Exercise goal
Copy, with no pictures, the line that contains "EDEKA Mössingen Prospekt" and each line after it down to the end of the entries below, exactly.

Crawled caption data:
▬▬▬

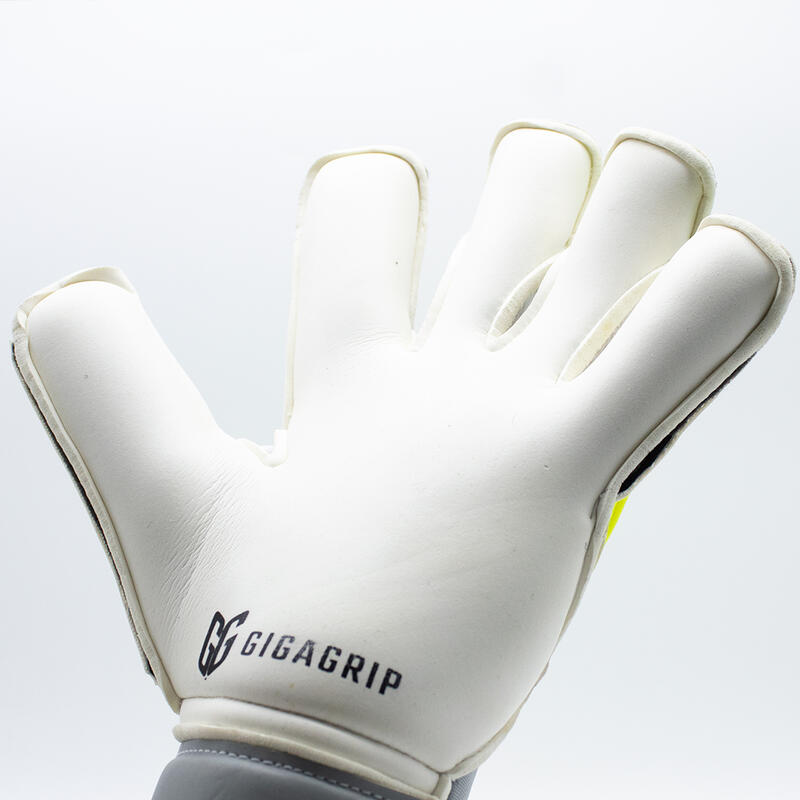 Guantes de Portero TwoFive Mendoza78 Pro Amarillo - 10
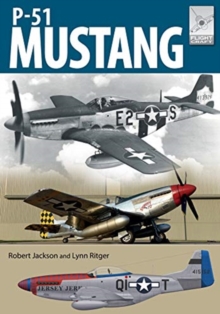 Image for North American Aviation P-51 Mustang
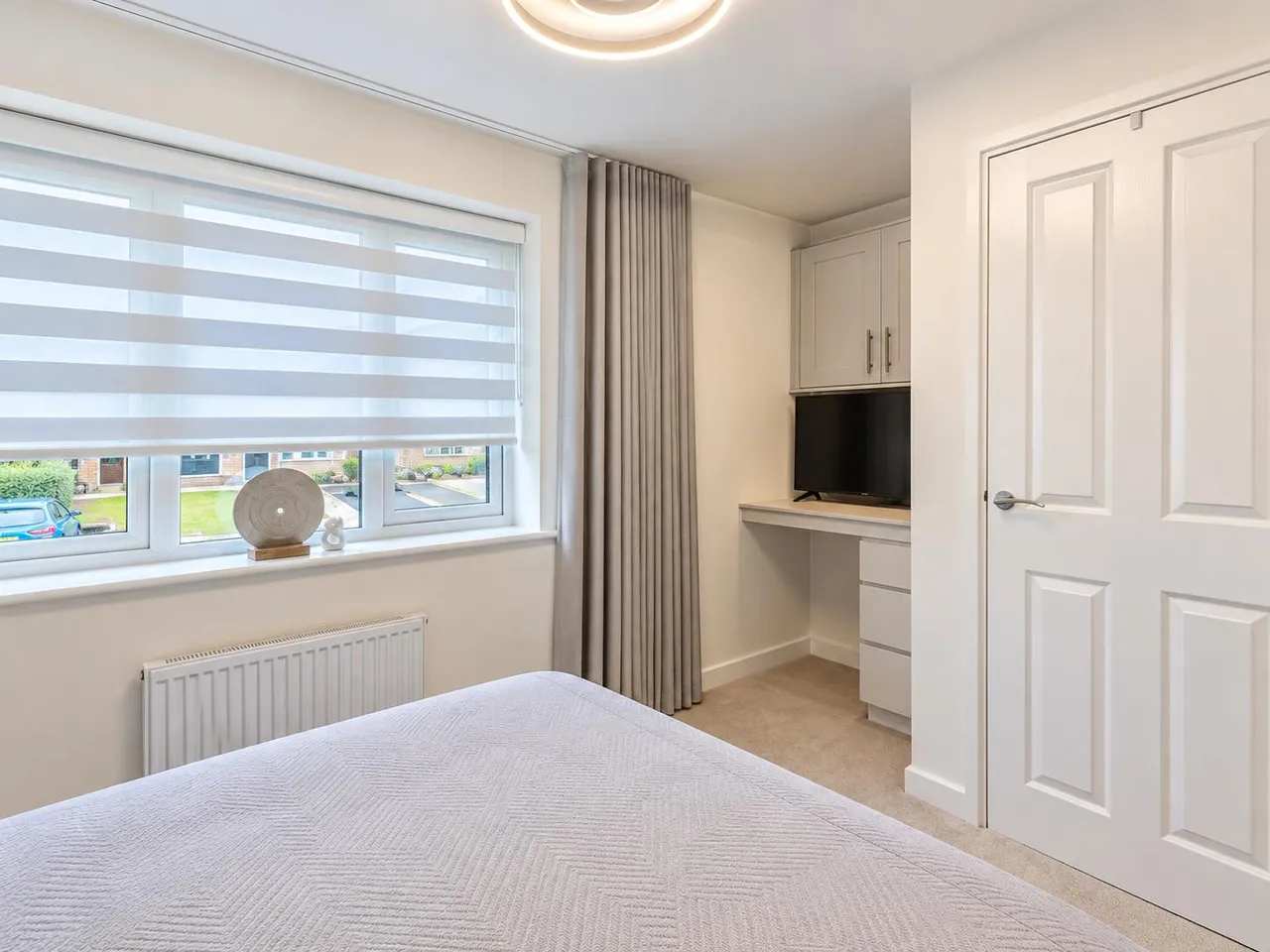 Willow Close, Newton Aycliffe, DL5, photo 9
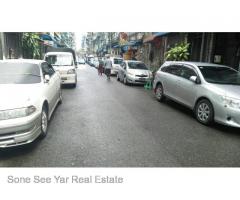 (SA 9-00547)40th Street, Kyauktada , Township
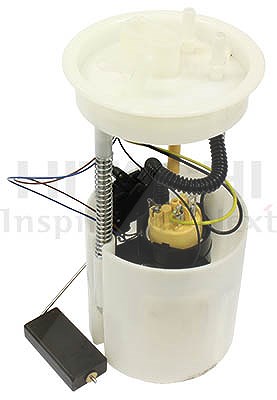 Astemo Kraftstoff-Fördereinheit [Hersteller-Nr. 2503452] für Seat, Skoda, VW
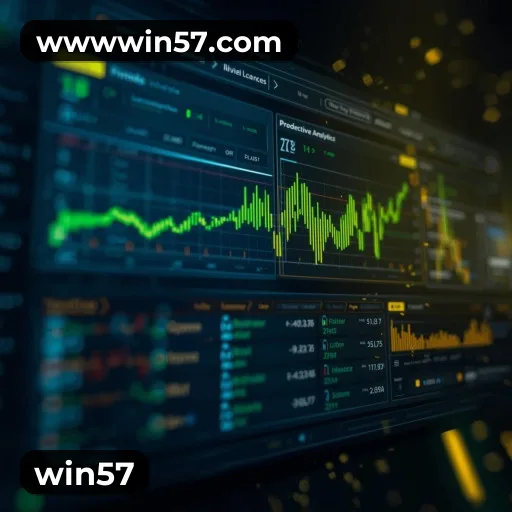 win57 Logo 3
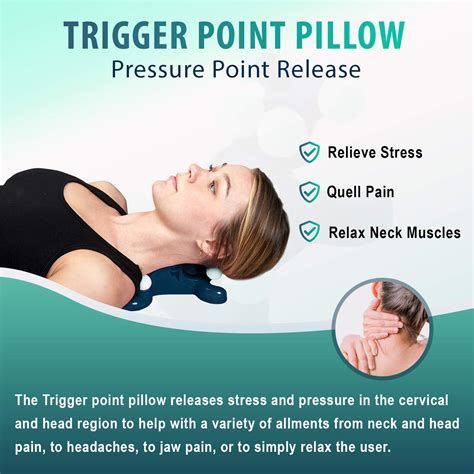 Head And Neck Pressure Points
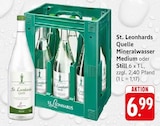 EDEKA Mössingen Prospekt mit  im Angebot für 6,99 €
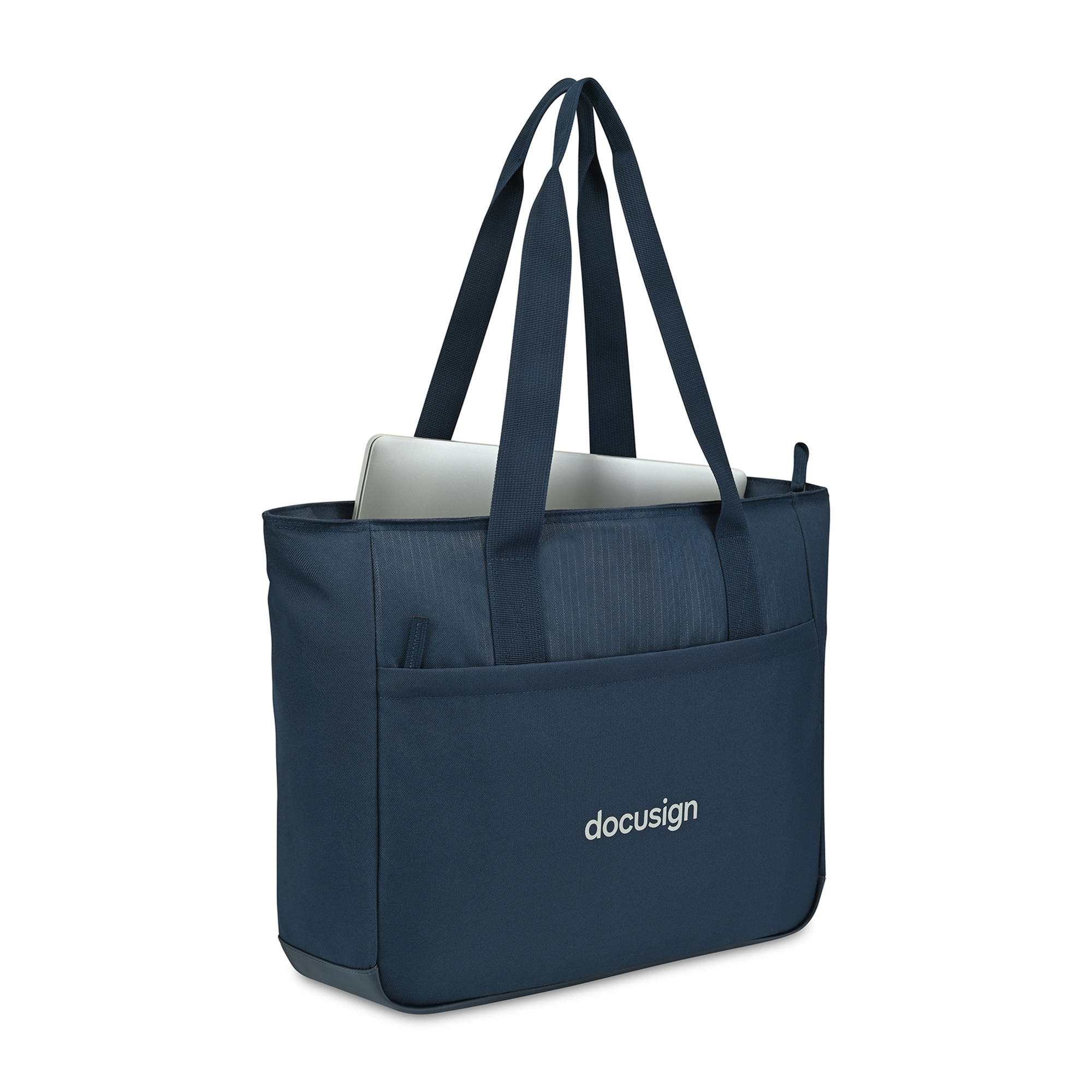 Transit Recycled rPET Laptop Tote 15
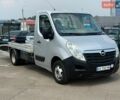 Сірий Опель Movano, об'ємом двигуна 2.3 л та пробігом 271 тис. км за 15990 $, фото 1 на Automoto.ua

▬▬▬

Task solution
 EDEKA Mössingen Prospekt mit  im Angebot für 6,99 €
 Transit Recycled rPET Laptop Tote 15
 Сірий Опель Movano, об'ємом двигуна 2.3 л та пробігом 271 тис. км за 15990 $, фото 1 на Automoto.ua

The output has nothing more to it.